Lindsay E A, Baldini A
Department of Molecular and Human Genetics, Baylor College of Medicine, Houston, TX 77030, USA.
Cytogenet Cell Genet. 1997;79(3-4):243-7. doi: 10.1159/000134736.
We report the identification of a mouse gene, Dgcr6, which shows high sequence similarity to gonadal (gdl), a Drosophila gene of unknown function. Dgcr6 is the mouse homolog of human DGCR6, previously shown to be deleted in DiGeorge syndrome, a developmental field defect affecting the derivatives of the pharyngeal arches which is associated with 22q11.2 deletions. The Dgcr6 transcript has a 594 nucleotide open reading frame (ORF) encoding 198 amino acids. We previously mapped Dgcr6 to mouse chromosome 16B1-B3, a region known to contain other mouse homologs of genes deleted in DiGeorge syndrome. Expression studies were performed by Northern blotting analysis on mouse embryo and adult tissues and by RNA in situ hybridization on mouse embryo sections. Results show that Dgcr6 transcripts are abundant during mouse embryogenesis, from at least 7 days post coitum. In particular, high expression was detected in the brain, spinal cord and pharyngeal arches. On adult tissues high expression was detected in testis. The function of Dgcr6 is to be determined, but its developmental expression suggests that this gene may play a role in the developmental defects associated with 22q11.2 deletions.

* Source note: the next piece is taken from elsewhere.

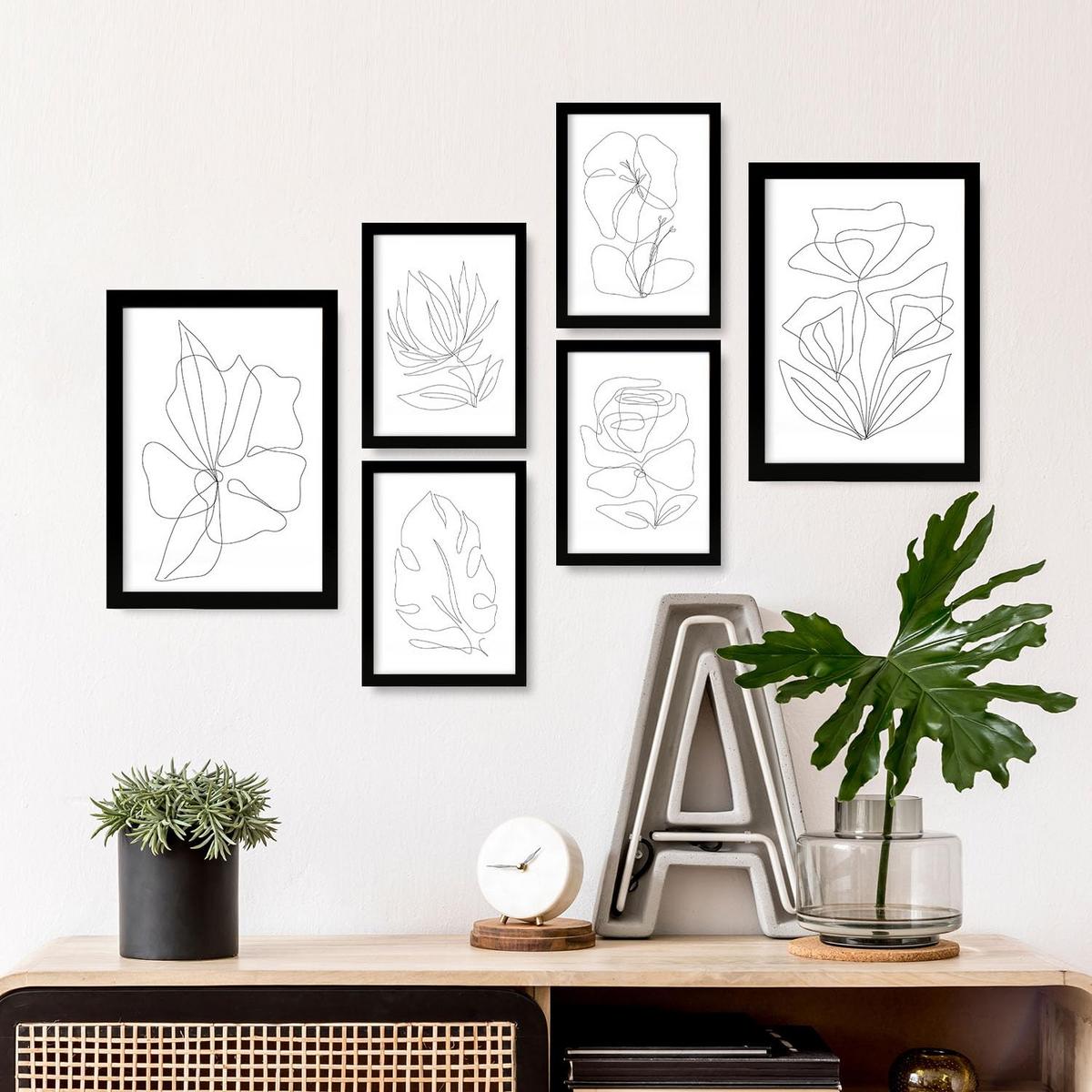 POSTER Set Mit 6 Blütenrahmen 2 In Blume Zusammenfassung Ästhetische Dekorative Gemälde Für Ihr Wohnzimmer Zuhause A3 & A4 Schwarzer Rahmen - Schwarz, Papier (29/3cm) - Nacnic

我们报告了一个小鼠基因Dgcr6的鉴定结果,该基因与果蝇中一个功能未知的基因gonadal(gdl)具有高度的序列相似性。Dgcr6是人类DGCR6的小鼠同源基因,先前已证明在DiGeorge综合征中该基因会缺失,DiGeorge综合征是一种影响咽弓衍生物的发育场缺陷,与22q11.2缺失相关。Dgcr6转录本有一个594个核苷酸的开放阅读框(ORF),编码198个氨基酸。我们先前将Dgcr6定位到小鼠染色体16B1 - B3,该区域已知包含在DiGeorge综合征中缺失的其他基因的小鼠同源基因。通过对小鼠胚胎和成年组织进行Northern印迹分析以及对小鼠胚胎切片进行RNA原位杂交来进行表达研究。结果表明,Dgcr6转录本在小鼠胚胎发育过程中至少从受精后7天起就大量存在。特别是在脑、脊髓和咽弓中检测到高表达。在成年组织中,在睾丸中检测到高表达。Dgcr6的功能有待确定,但其发育表达表明该基因可能在与22q11.2缺失相关的发育缺陷中起作用。